What is it about Halo that hates me soooooo much?
I have been playing Campaign for the last 4 hours, completed 4 Missions (Plus prologue) and it is only saying I have completed 3, yet all the missions I have finished are marked with the Legendary Icon. This same thing happened to me back when Halo 3 came out. We played all night, beat the game, and it didn’t register that I finished the final level. Fuck.
Is this really what I have to look forward to at 30? I remember I loved my Thursday nights because I was off on Friday and I could game as late as I wanted. Now its 1:30 and I am falling asleep looking at the computer. Someone please turn back time!
Saw some shit on Instagram today that really pisses me off…..
Doing my best to keep my mouth shut because A.) I don’t want to start something with some really great people, and B.) I don’t know the whole truth yet. Things are only in the assumption cloud so I don’t wanna start throwing accusations out for nothing. Time will tell.

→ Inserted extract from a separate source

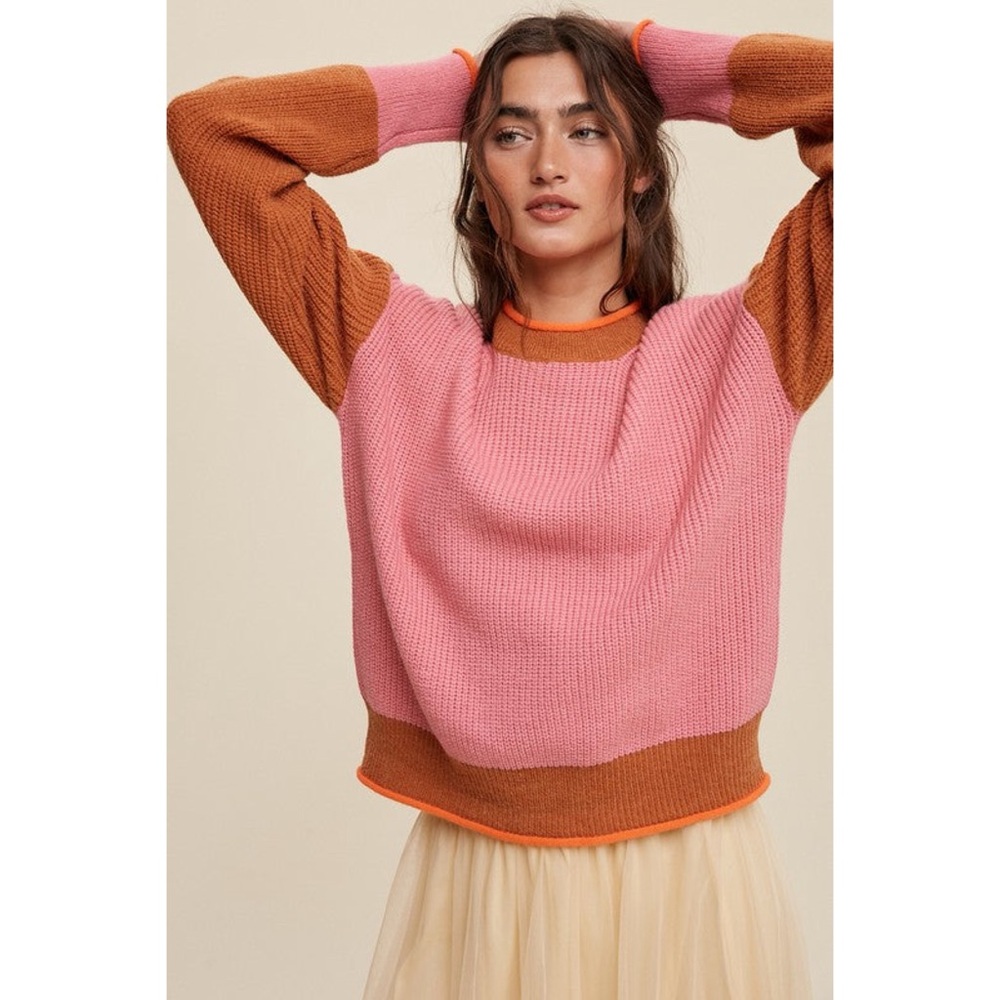 Listicle Color Block Ribbed Knit Drop Shoulder Sweater- Medium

I’m very disappointed in myself today …
I feel defeated after my race this morning. I’ve been working hard all summer long and come today I feel I dropped the ball. Sure I got a PR today which is nice that I’ve improved since last year, but I still feel I let myself down. I’ve focused a lot on distance this summer so maybe that contributed to falling short of my goals. Maybe it wasn’t the best course to try out time trails the week before the race. I can’t make excuses as to why or why not I didn’t do as well as I should have today. I think I need to reevaluate my workout plans and come up with something new.
I wish I had a shirt on….
My back got a little toasted today at the water park and not that the sun burn itself is bothering me, its the rubbing on my couch that is bugging me. I am to lazy to go upstairs to get a shirt so I guess I will have to tough it out.
Really don’t want to venture out to my brothers to use his dryer…..
But I needs clothes for tomorrow! My Dryer crapped out on me about two weeks ago and since he hasn’t been home I have been taking my laundry over there. Oh well, I need to get gas anyway because Emmy will be using my car tomorrow so I can take hers in for a oil change. Yolo.